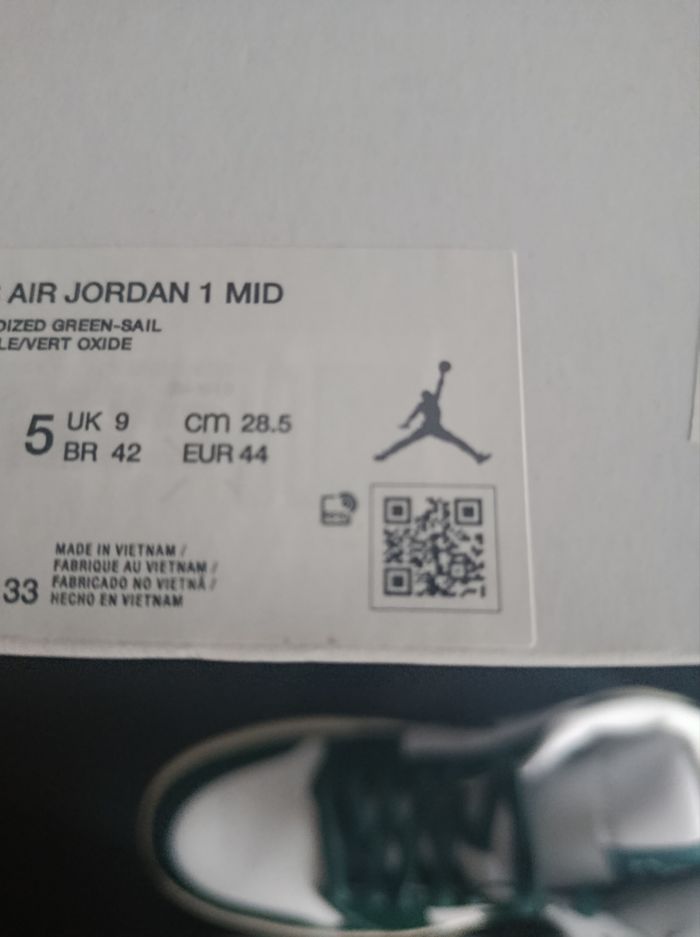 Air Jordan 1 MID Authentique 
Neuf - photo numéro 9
■ ■ ■ ■ ■
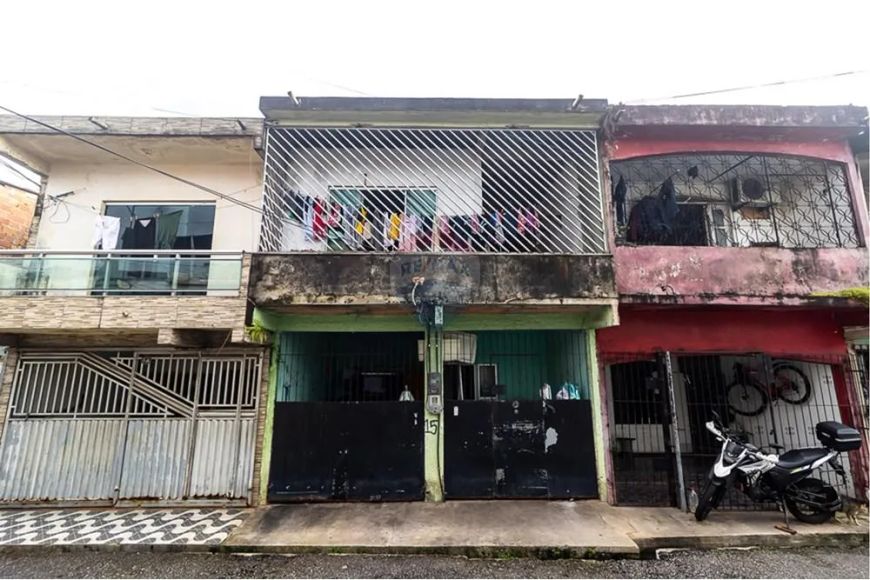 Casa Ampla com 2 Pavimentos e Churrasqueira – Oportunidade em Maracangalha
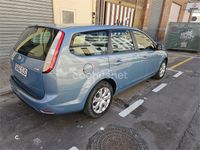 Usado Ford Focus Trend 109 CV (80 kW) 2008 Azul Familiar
■ ■ ■ ■ ■
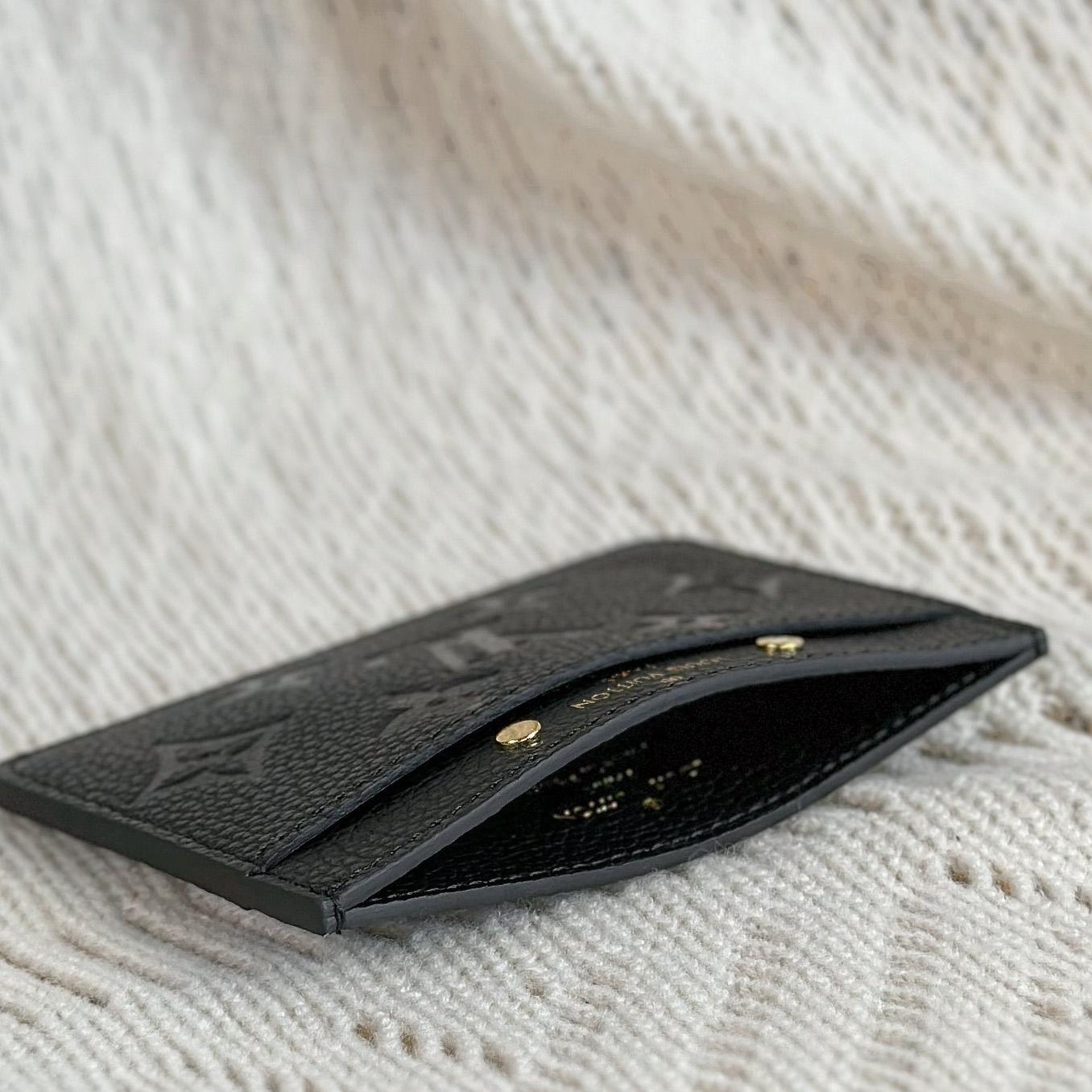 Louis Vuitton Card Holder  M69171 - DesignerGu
■ ■ ■ ■ ■
Repeat, without pictures, exactly the lines of the data above from the one containing "Air Jordan 1 MID Authentique" through the one containing "Neuf - photo numéro 9", including both and adding nothing.

 Air Jordan 1 MID Authentique 
Neuf - photo numéro 9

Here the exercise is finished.